● **What you need to do**: Pictures should be omitted; restate word for word the lines from the one holding "250118-141355-01468 - Cls" through the last line of the entries below.

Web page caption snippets
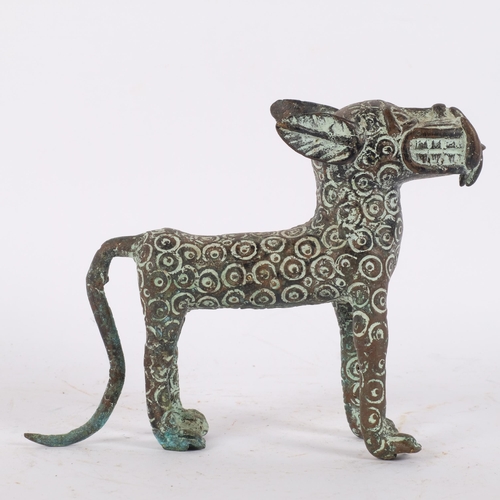 137 - A reproduction African Tribal Benin bronze leopard figure, L20cm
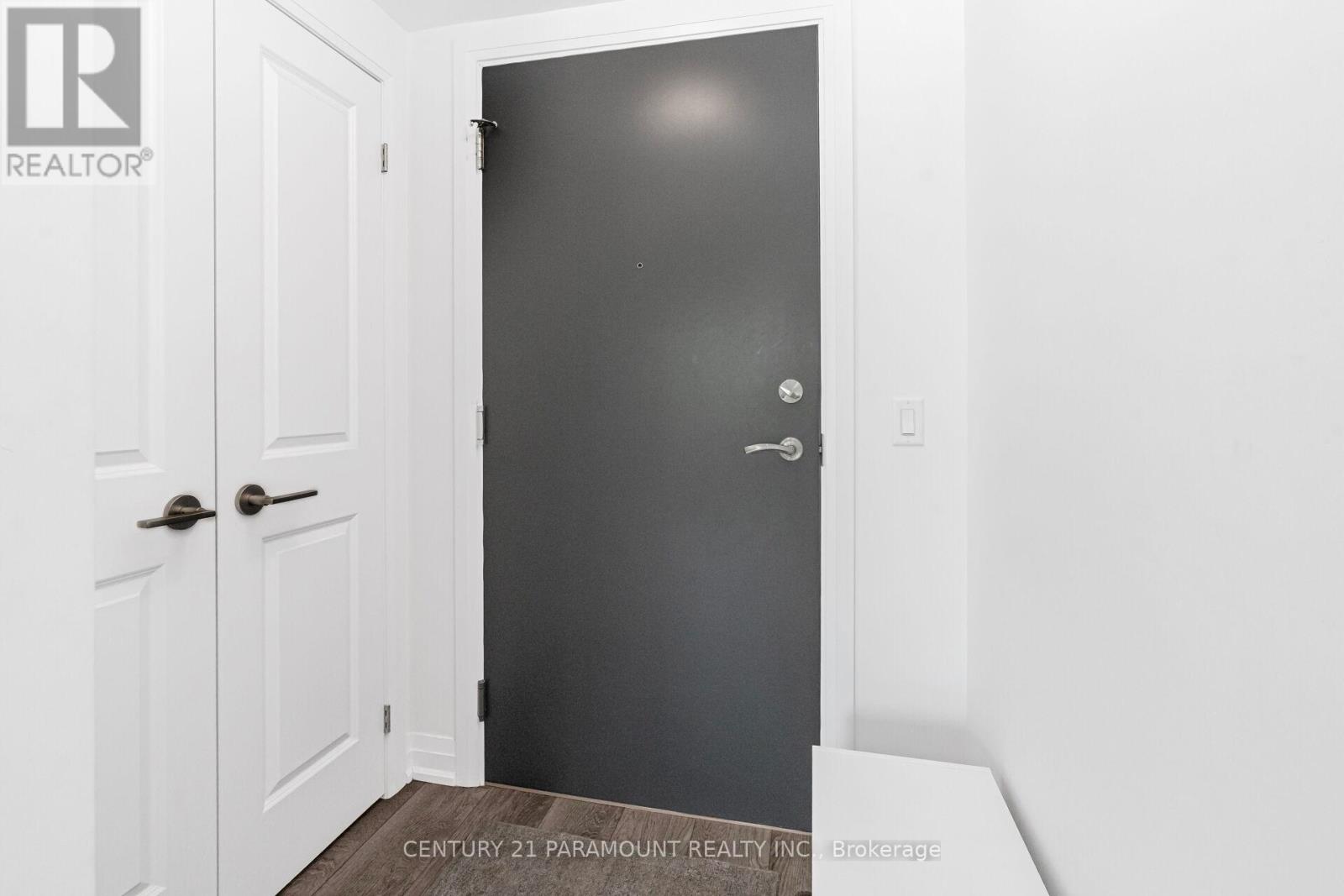 120 - 95 Attmar Drive, Brampton, Ontario  L6P 0Y6 - Photo 6 - W12228534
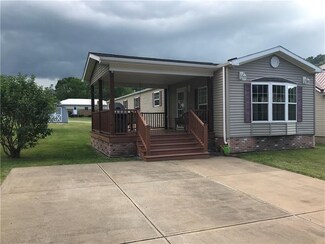 414 Locust St, West Newton, PA 15089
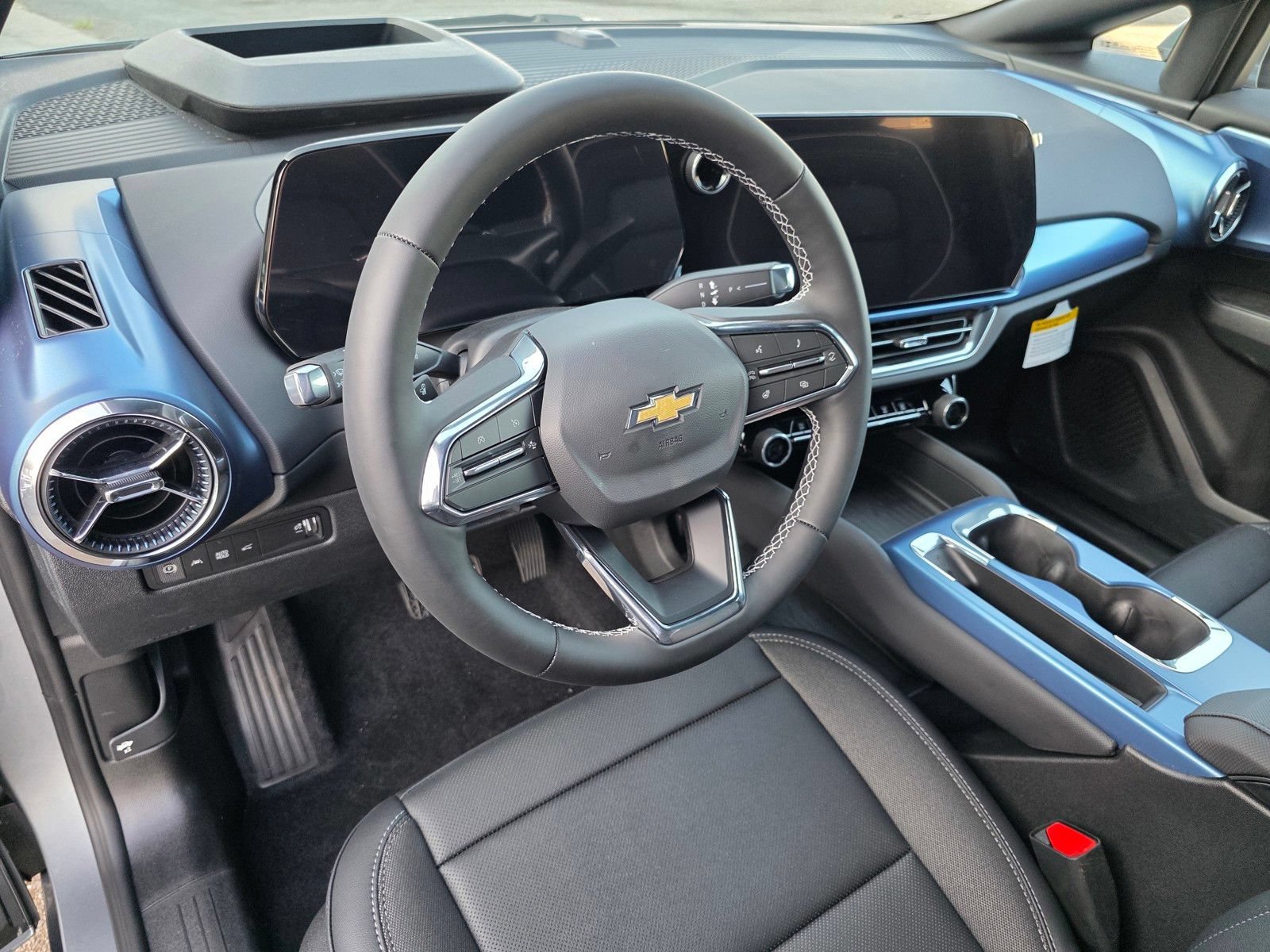 New 2026 Sterling Gray Metallic Chevrolet LT image 24
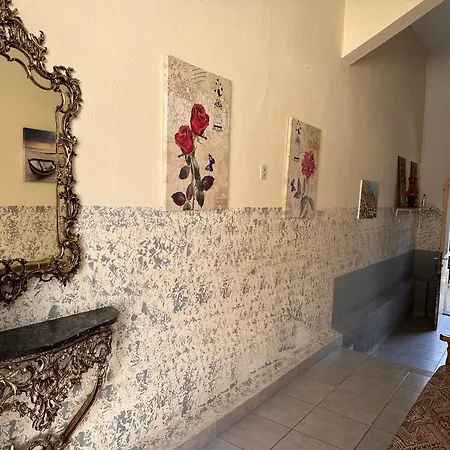 къща с четири спални двор с барбекю *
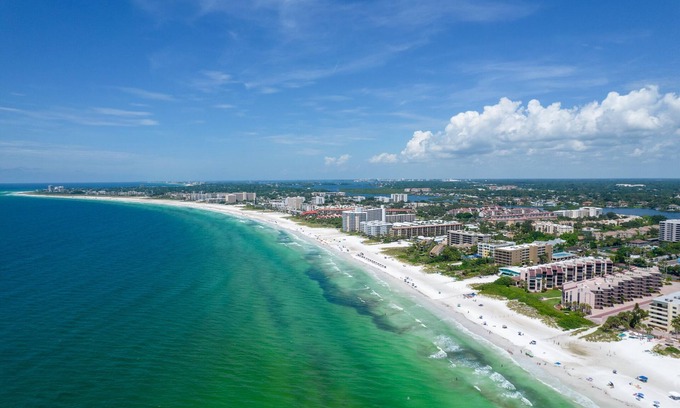 Siesta Key Condo | Luxury Siesta Key Beachfront Condo on Crescent Beach.
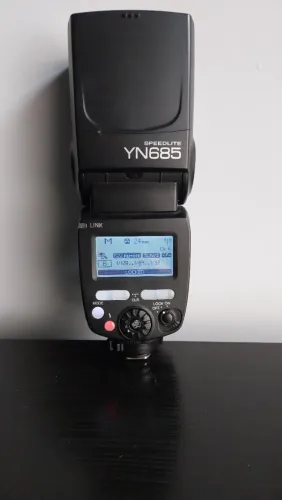 Flash Speedlight Yongnuo 685 com rádio embutido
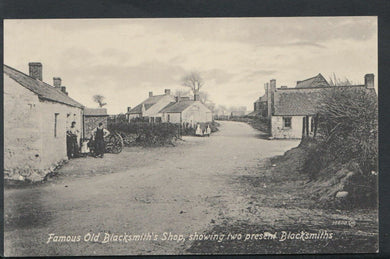 Scotland Postcard - Gretna Green, Famous Old Blacksmith's Shop  RS6814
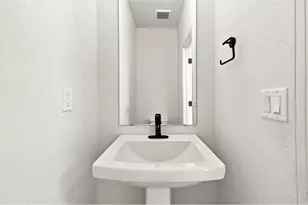 4130 N Quatar Ct, Aurora, CO 80019 - Photo 3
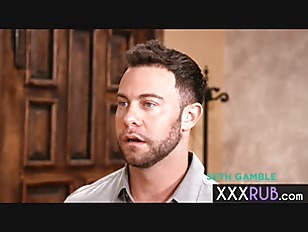 Big ass masseuse Gizelle Blanco fucked by a big cock realtor for discount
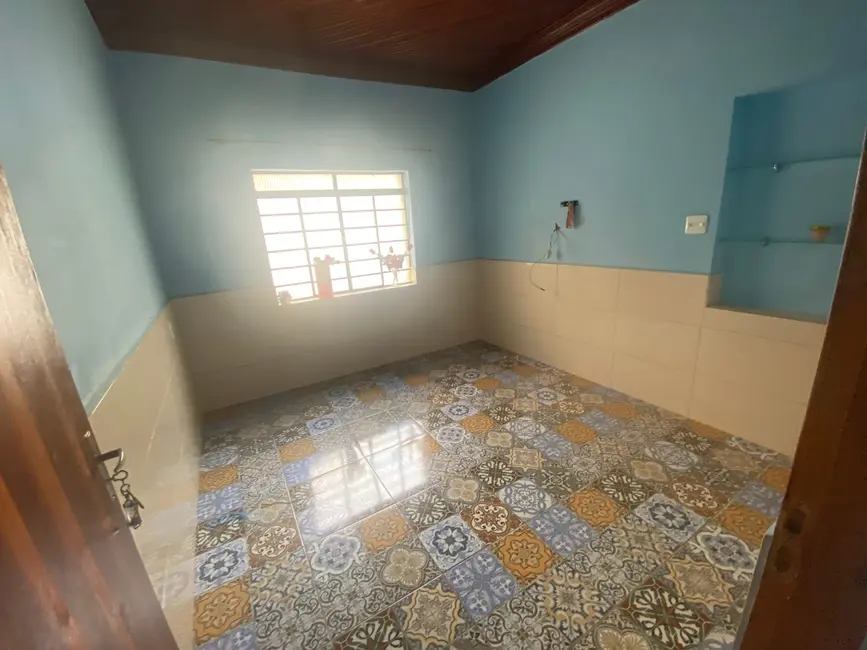 Casa com 3 quartos à venda, 180m2 em Aparecida - SP - imagem 5 Foto 5 de Casa com 3 quartos à venda, 180m2 em Aparecida - SP
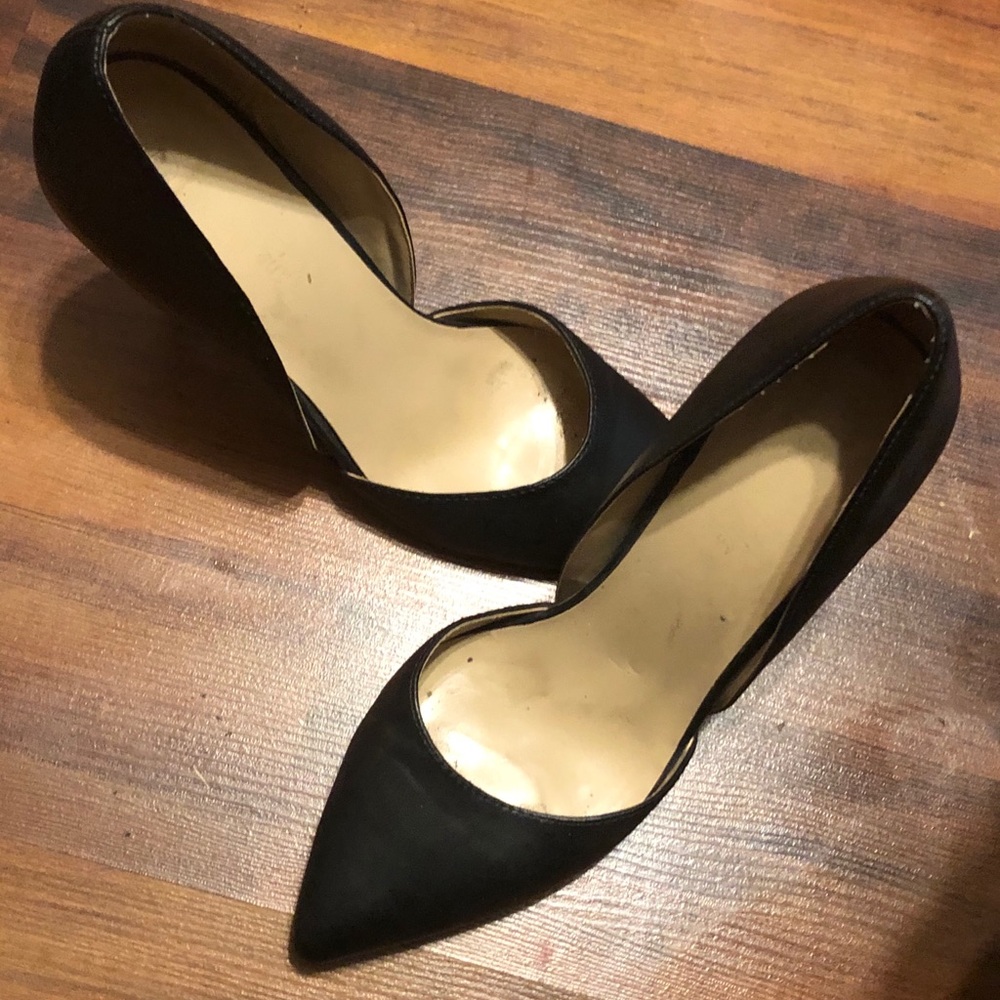 Black heels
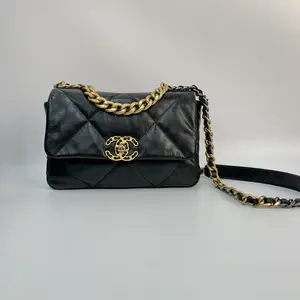 Pre-owned CHANEL LEATHER Shoulder Bags 19 Handbag Small in Black Shiny Lambskin [BF 12Z] QQ2723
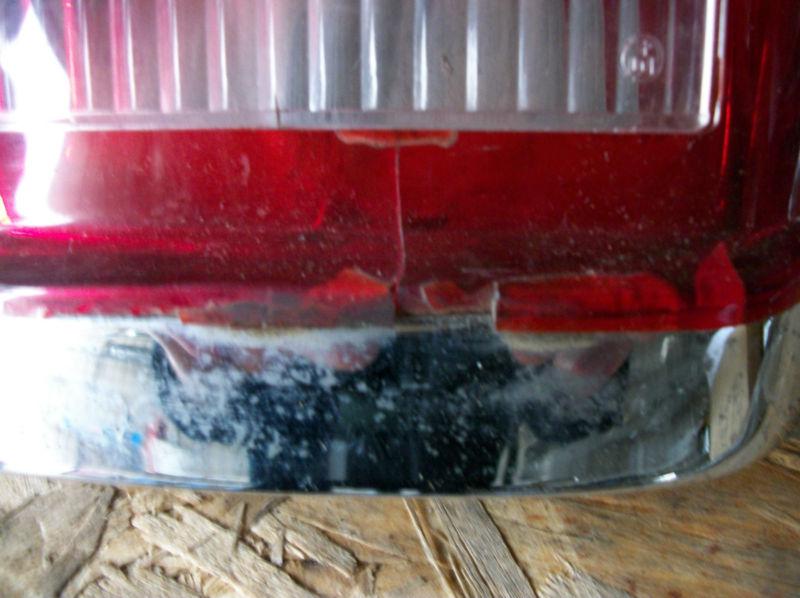 HARLEY DAVIDSON STANDARD RED TAILIGHT TAIL LIGHT FLH, US $15.50, image 3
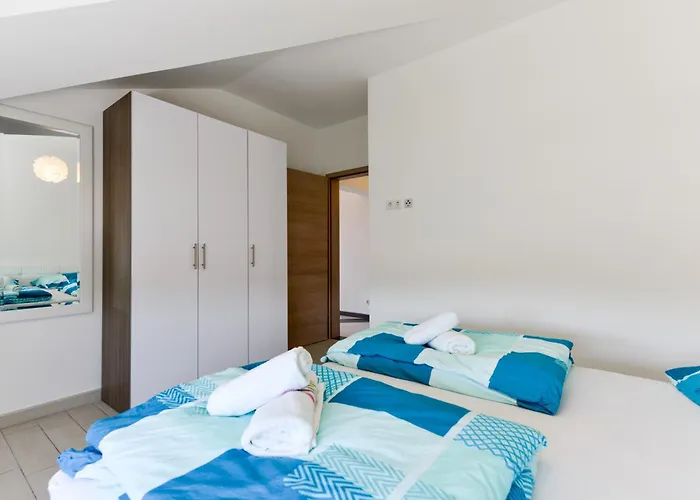 Martin Mit Beheiztem Pool With Heated Pool Bibinje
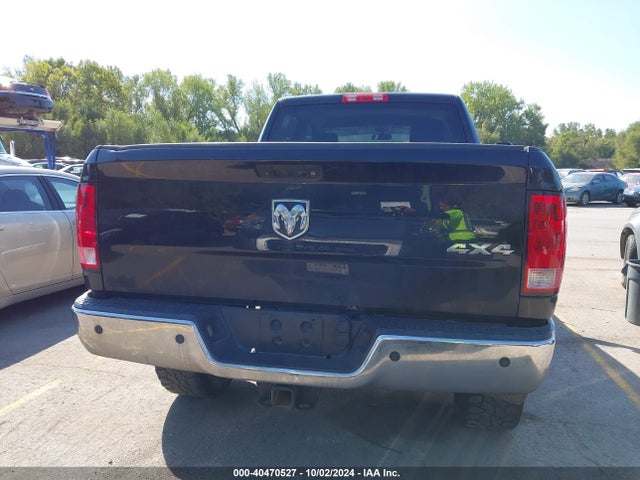 3C6UR5CL0HG658197 RAM 2500 Tradesman  4x4 6'4 Box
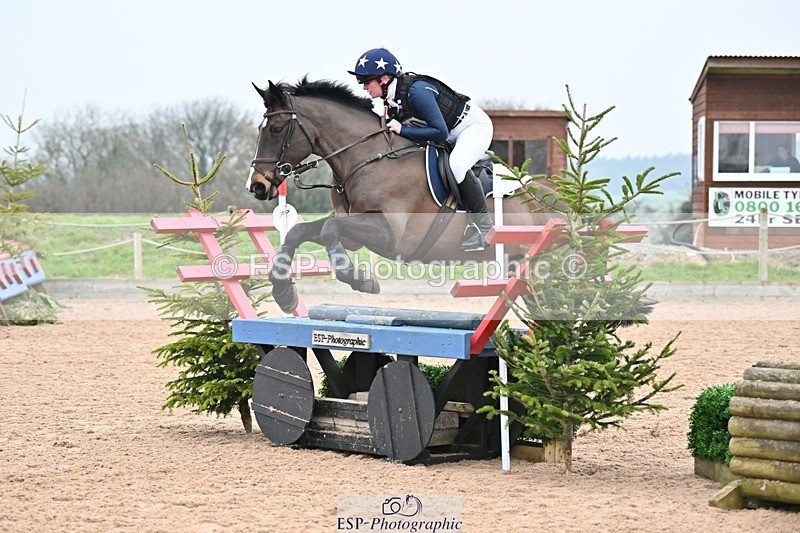 250118-141355-01468 - Cls 3A&B 90cm 13.20 to Coursewalk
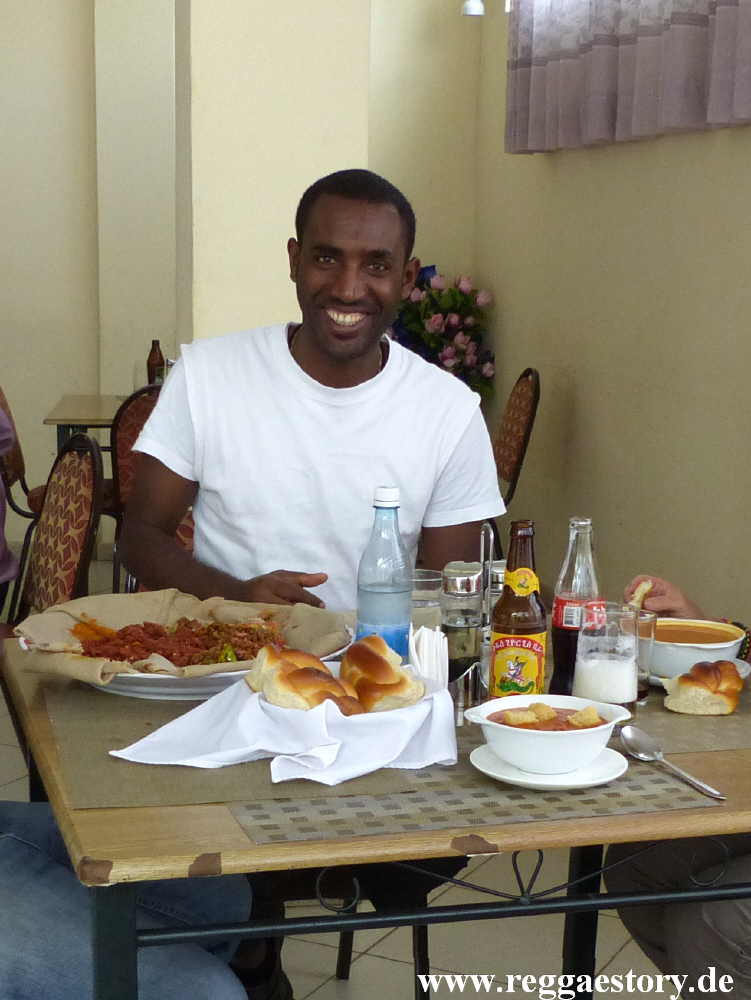 Henok und seine gliebte Injera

● **Result**:
 250118-141355-01468 - Cls 3A&B 90cm 13.20 to Coursewalk
 Henok und seine gliebte Injera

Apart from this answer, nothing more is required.